Pull-induced allostery enhanced mechanical strength of Talin-β3 integrin complex

Once the H-bond between ASP⁷⁴⁰ and TRP³⁵⁹ broke, the binding interface area of Talin-β3 integrin complex decreased suddenly at about 13 ns in 1st type pathway, but gradually at about 10 ns in 2nd type one (Fig. S2), as shown by their time courses of force, respectively (Fig. 3a, b; Video. S1). In order to further explore the difference between these two pull-induced dissociation pathways, the conformational evolution of the complex, especially for Talin-F3 domain rather than small β3 integrin tail, was observed carefully. In both of 1st and 2nd type dissociated pathways, we found that, the conformation of ligated F3-domain remained mechano-stable for the first 7.6 ns with tensile force ≤ 120pN, then the C-terminal β1 strand began unfolding from the body as tensile force increased to 150pN about (Figs. 3, 4a, b; Video. S1). Furthermore, along the force-loading ramp, pull-induced complex allostery occurred just in the 1st type but not the 2nd type dissociation pathway (Fig. 4). This pull-induced allostery of the ligated Talin was an early event of β3-integrin dissociation from Talin (Figs. 3 and 4), and could be illustrated by that the angle θ between H5 helix and β5-strand increased from 22° to 30° at pull time of 12 ns, so did (from 14 to 17 Å) the distance from TRP³⁵⁹ on β5 strand to LEU³³⁰ on β2 strand (Fig. 4a, c, d, e), while the complex dissociation occurred at pull time of about 15 ns (Fig. 3d, e).

Figure 4

Pull-induced allostery of the complex. (a–c) The snapshots of the pulled complex of β3 integrin (yellow) with Talin F3 domain (cyan) along the dissociation pathway in type 1 at different pull time. The purple sphere was the fixed atom, and the blue sphere denoted the steered atom. (a) Schematic diagrams for the angle θ between H5 helix and β5 strand of F3 domain (blue dotted line), the distance L_F (cyan) between two Cα-atoms of LEU³³⁰ on β2-strand and TRP³⁵⁹ on β5-strand of F3 (orange line) and the newly formed H-bond between TYR³⁹⁵ on H5 helix and THR³³³ on β2-strand of F3 domain. (b) The β1 strand of the ligated F3 domain (cyan) became unfolded or spread at pull time of 7.6 ns or pull force of 150pN in comparison with its static state (blue) (pull time = 0 ns), and (c) the hydrophobic pocket of the ligated F3 domain became open at pull time of 12 ns. The time course of the angle θ (d) and the distance L_F (e) and their differences between start point and rupture point Δθ and ΔL_F in type 1 and 2 run modes, respectively. (f) The mean survival rate for the newly formed H-bond between TYR³⁹⁵ on H5 helix and THR³³³ on β2-strand of F3 domain in type 1 and 2 run modes, all data from three runs.

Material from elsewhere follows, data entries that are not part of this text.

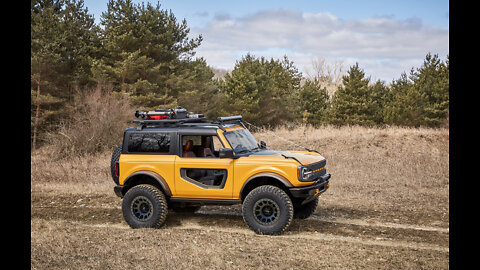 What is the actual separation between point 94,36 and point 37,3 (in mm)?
5497

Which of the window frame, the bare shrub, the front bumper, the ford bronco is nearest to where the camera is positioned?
the front bumper

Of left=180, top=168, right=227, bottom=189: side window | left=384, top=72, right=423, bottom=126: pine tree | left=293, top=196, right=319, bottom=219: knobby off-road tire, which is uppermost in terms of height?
left=384, top=72, right=423, bottom=126: pine tree

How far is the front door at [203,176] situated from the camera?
7977mm

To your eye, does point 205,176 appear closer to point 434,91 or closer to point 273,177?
point 273,177

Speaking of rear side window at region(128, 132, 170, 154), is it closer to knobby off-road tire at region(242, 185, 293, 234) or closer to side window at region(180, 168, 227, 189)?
side window at region(180, 168, 227, 189)

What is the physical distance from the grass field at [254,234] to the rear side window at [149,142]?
1611 millimetres

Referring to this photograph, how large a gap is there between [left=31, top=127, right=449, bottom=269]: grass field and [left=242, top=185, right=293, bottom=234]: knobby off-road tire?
0.71 ft

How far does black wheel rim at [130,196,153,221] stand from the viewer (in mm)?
8336

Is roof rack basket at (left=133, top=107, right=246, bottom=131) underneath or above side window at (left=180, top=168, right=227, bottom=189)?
above

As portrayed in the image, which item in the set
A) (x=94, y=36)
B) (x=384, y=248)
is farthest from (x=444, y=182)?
(x=94, y=36)

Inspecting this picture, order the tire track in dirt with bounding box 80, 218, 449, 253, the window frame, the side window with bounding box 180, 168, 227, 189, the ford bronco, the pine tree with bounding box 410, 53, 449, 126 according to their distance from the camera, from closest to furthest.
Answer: the tire track in dirt with bounding box 80, 218, 449, 253, the ford bronco, the side window with bounding box 180, 168, 227, 189, the window frame, the pine tree with bounding box 410, 53, 449, 126

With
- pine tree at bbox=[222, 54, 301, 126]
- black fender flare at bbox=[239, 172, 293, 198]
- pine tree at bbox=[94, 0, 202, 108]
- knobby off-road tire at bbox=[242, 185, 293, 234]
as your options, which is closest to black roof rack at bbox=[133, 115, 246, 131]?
black fender flare at bbox=[239, 172, 293, 198]

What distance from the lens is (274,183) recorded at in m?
8.00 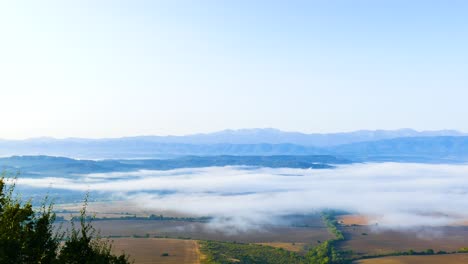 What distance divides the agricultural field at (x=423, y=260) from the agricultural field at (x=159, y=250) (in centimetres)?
3483

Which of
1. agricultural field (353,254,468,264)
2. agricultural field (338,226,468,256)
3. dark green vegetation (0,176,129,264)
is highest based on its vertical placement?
dark green vegetation (0,176,129,264)

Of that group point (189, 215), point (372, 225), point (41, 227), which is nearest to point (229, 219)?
point (189, 215)

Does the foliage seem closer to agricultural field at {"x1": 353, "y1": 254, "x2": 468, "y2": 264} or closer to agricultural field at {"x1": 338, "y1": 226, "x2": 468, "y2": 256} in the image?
agricultural field at {"x1": 353, "y1": 254, "x2": 468, "y2": 264}

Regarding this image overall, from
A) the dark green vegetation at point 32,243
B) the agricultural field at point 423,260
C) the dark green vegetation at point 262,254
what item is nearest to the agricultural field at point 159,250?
the dark green vegetation at point 262,254

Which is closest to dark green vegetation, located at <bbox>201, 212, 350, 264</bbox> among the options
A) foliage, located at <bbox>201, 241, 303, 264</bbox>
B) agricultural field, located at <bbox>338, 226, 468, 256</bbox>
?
foliage, located at <bbox>201, 241, 303, 264</bbox>

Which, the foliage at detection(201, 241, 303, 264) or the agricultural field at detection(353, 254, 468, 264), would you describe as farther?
the agricultural field at detection(353, 254, 468, 264)

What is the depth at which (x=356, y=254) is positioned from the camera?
102688 mm

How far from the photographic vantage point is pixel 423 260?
9619cm

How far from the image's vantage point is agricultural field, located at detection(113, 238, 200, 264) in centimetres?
8921

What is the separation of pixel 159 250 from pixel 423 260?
A: 2192 inches

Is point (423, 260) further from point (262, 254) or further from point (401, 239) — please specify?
point (262, 254)

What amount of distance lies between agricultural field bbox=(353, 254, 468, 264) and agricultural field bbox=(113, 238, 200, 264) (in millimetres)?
34834

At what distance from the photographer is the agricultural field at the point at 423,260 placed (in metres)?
93.6

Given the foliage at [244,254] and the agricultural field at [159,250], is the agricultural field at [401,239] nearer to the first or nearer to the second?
the foliage at [244,254] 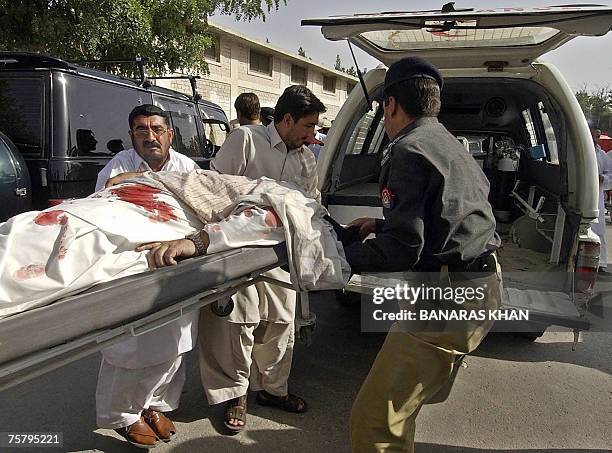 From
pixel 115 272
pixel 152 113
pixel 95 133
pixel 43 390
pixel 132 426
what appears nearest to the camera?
pixel 115 272

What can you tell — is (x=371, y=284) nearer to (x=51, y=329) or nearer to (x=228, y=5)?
(x=51, y=329)

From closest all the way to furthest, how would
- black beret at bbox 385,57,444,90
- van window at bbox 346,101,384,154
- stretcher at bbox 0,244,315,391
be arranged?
stretcher at bbox 0,244,315,391 < black beret at bbox 385,57,444,90 < van window at bbox 346,101,384,154

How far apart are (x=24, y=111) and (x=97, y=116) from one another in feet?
1.91

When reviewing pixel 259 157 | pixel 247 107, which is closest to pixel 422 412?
pixel 259 157

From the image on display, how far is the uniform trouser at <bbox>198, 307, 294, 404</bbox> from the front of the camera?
2723mm

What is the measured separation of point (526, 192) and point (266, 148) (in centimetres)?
352

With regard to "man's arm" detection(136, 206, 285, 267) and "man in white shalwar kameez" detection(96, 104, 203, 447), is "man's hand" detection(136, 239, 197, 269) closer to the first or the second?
"man's arm" detection(136, 206, 285, 267)

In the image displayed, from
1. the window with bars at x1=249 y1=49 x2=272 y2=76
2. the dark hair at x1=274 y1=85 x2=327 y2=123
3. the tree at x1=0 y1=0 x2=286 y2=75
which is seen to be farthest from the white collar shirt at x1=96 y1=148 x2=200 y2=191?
the window with bars at x1=249 y1=49 x2=272 y2=76

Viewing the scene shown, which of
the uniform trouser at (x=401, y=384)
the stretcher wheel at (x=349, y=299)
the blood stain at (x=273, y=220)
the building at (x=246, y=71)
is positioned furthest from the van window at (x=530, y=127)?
the building at (x=246, y=71)

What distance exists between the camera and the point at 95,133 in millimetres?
4297

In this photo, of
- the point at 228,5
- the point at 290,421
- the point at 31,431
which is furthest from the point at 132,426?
the point at 228,5

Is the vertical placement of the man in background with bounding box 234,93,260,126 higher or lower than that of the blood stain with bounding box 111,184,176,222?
higher

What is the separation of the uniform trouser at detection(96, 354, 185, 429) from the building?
38.5 ft

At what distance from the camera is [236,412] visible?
2.71 m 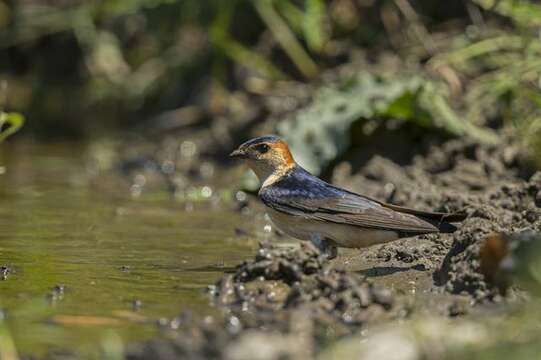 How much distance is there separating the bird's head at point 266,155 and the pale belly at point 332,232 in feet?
2.12

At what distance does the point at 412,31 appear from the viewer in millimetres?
11586

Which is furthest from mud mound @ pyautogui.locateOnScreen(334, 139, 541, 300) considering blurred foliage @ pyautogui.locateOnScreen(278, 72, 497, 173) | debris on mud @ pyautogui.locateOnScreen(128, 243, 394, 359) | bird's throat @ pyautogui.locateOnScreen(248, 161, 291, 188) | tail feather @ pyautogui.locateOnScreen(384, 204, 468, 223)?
bird's throat @ pyautogui.locateOnScreen(248, 161, 291, 188)

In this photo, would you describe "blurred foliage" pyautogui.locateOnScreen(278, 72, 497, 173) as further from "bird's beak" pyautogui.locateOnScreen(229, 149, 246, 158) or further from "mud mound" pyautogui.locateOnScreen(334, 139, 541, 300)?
"bird's beak" pyautogui.locateOnScreen(229, 149, 246, 158)

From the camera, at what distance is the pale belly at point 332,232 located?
6.67 m

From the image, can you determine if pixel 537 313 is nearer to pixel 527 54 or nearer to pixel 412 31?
pixel 527 54

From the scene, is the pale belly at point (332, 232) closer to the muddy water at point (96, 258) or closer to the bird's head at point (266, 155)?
the muddy water at point (96, 258)

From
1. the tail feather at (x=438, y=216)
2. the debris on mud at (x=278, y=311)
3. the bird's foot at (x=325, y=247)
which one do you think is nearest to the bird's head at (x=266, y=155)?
the bird's foot at (x=325, y=247)

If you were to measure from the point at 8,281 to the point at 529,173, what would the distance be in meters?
4.45

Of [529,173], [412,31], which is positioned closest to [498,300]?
[529,173]

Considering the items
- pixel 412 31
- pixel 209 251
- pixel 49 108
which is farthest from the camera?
pixel 49 108

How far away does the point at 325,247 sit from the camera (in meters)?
6.94

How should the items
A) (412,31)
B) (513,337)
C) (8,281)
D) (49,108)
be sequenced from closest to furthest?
(513,337)
(8,281)
(412,31)
(49,108)

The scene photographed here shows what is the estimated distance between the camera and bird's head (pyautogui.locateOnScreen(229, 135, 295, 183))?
301 inches

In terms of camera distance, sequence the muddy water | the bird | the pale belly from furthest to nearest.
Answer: the pale belly, the bird, the muddy water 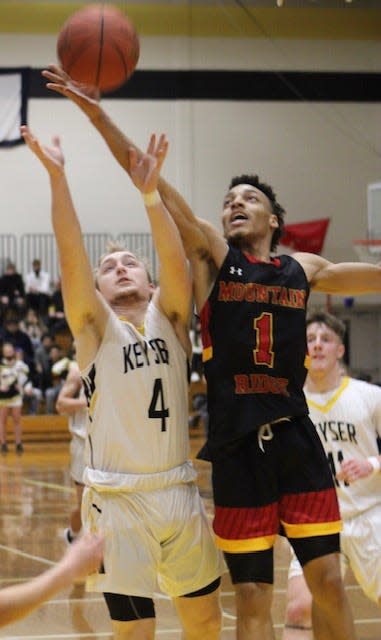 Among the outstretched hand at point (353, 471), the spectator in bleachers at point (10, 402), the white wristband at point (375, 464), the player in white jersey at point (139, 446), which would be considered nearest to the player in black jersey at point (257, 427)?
the player in white jersey at point (139, 446)

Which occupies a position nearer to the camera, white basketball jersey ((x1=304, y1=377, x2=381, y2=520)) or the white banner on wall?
white basketball jersey ((x1=304, y1=377, x2=381, y2=520))

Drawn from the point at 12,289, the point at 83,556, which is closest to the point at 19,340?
the point at 12,289

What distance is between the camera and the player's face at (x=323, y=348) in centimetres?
580

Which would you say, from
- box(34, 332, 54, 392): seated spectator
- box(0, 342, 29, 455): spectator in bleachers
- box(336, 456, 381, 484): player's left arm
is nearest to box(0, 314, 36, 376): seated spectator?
box(34, 332, 54, 392): seated spectator

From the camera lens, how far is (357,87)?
2527 cm

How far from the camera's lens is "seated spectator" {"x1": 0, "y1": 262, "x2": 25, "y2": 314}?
2223 cm

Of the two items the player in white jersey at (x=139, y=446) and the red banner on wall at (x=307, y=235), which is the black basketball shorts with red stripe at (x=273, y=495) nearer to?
the player in white jersey at (x=139, y=446)

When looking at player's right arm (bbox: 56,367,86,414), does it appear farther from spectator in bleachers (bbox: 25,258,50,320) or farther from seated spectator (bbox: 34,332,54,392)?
spectator in bleachers (bbox: 25,258,50,320)

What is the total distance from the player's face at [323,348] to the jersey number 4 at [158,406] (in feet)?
6.18

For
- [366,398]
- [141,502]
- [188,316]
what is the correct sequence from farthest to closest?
[366,398], [188,316], [141,502]

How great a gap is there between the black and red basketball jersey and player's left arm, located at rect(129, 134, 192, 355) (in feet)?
0.42

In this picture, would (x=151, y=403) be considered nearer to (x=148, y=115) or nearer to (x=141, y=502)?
(x=141, y=502)

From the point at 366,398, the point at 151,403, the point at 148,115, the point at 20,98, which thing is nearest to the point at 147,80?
the point at 148,115

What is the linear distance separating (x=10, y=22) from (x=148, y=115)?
3702 millimetres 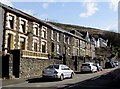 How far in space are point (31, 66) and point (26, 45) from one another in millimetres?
4985

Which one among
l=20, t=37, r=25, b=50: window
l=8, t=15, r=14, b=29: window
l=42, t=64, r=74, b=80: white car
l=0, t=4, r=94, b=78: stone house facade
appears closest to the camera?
l=42, t=64, r=74, b=80: white car

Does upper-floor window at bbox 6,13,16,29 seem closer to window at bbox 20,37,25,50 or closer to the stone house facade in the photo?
the stone house facade

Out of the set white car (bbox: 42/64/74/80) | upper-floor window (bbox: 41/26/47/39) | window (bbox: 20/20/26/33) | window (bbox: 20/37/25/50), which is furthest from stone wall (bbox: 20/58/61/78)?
upper-floor window (bbox: 41/26/47/39)

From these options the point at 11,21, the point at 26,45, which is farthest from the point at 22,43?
the point at 11,21

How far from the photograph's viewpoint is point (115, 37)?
121m

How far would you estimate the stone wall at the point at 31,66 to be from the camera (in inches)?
1205

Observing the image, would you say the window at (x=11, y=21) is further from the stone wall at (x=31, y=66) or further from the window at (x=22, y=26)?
the stone wall at (x=31, y=66)

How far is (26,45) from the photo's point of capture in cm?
3741

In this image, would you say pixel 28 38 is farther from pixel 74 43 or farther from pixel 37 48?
pixel 74 43

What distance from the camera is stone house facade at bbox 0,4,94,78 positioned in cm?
2980

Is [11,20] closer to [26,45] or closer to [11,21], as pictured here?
[11,21]

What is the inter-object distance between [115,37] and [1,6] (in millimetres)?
93439

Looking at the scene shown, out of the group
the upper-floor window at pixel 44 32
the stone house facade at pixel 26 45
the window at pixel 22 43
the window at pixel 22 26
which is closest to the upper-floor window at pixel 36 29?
the stone house facade at pixel 26 45

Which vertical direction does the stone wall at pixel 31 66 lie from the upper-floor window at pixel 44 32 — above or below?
below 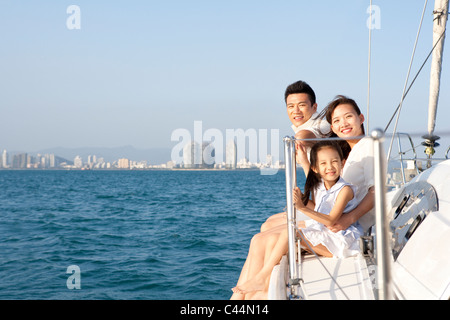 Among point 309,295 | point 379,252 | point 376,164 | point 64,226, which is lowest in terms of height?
point 64,226

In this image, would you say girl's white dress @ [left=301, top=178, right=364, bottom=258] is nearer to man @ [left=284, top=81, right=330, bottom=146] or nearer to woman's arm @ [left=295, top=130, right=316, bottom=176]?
woman's arm @ [left=295, top=130, right=316, bottom=176]

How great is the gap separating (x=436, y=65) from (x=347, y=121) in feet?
10.7

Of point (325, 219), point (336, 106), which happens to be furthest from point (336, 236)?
point (336, 106)

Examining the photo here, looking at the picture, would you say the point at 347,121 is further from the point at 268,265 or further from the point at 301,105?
the point at 268,265

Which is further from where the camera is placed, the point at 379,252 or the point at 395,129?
the point at 395,129

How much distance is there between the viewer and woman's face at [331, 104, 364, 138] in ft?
10.7

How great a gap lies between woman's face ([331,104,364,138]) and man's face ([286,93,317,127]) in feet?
1.41

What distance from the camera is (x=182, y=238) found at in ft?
43.2

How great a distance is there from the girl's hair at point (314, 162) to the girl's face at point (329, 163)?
0.07 feet

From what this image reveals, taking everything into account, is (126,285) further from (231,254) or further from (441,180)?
(441,180)

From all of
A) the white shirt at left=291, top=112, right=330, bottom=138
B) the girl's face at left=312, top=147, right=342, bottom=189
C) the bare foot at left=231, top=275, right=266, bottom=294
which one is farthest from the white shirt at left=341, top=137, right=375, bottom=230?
the bare foot at left=231, top=275, right=266, bottom=294

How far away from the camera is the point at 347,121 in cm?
327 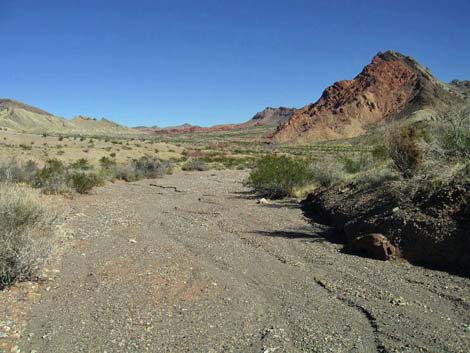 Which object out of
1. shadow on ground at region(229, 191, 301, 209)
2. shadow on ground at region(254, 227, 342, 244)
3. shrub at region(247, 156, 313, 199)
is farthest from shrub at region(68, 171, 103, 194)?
shadow on ground at region(254, 227, 342, 244)

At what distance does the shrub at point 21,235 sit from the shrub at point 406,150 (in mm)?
9570

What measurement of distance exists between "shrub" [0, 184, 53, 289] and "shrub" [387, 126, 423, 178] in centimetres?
957

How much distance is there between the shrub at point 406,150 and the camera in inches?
525

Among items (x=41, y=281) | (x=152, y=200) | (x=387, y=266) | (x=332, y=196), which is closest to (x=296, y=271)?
(x=387, y=266)

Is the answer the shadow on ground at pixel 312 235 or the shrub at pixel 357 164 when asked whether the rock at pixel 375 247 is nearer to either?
the shadow on ground at pixel 312 235

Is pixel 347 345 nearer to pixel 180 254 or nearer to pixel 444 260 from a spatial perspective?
pixel 444 260

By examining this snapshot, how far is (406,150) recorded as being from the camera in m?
13.8

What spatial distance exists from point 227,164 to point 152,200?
89.0ft

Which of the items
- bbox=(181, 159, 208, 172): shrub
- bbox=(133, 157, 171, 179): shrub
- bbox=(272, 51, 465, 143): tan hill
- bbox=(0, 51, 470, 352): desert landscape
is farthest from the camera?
bbox=(272, 51, 465, 143): tan hill

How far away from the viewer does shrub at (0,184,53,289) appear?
7.49 meters

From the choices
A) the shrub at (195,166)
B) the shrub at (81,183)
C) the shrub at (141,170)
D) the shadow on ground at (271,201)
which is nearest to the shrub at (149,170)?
the shrub at (141,170)

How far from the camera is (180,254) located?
1009 cm

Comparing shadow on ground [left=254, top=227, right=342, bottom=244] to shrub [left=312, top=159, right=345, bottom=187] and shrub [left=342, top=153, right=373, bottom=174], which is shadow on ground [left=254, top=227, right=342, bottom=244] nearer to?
shrub [left=312, top=159, right=345, bottom=187]

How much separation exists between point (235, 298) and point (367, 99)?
113767 millimetres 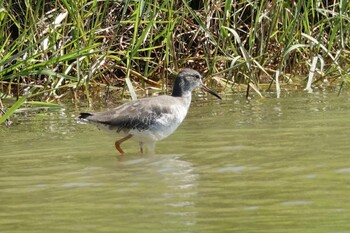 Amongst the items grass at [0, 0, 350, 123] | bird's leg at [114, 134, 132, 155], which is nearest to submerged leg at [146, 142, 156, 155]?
bird's leg at [114, 134, 132, 155]

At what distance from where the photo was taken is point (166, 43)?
997cm

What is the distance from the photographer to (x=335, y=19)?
10258 millimetres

Through the analysis of the internal interaction network of Talin-F3 domain, it was found that pull-induced formation of new H-bond between TYR³⁹⁵ on H5 helix and THR³³³ on β2-strand might facilitate deformation and extension of the hydrophobic core (Fig. 4a, f), which partly enclosed by H5 helix packing between β5 and β1 (Fig. 1b). Due to TYR³⁹⁵ - THR³³³ H-bond emersion, the enhanced interaction between H5 helix and β2-strand would promote H5 helix swing outward with β2-strand along the pull direction, and further made exposure of hydrophobic pocket in F3-domain easy. The allostery-induced increasing in rupture-time and rupture-force might be required in preventing the complex from mechanical damage especially under pathological high shear stresses.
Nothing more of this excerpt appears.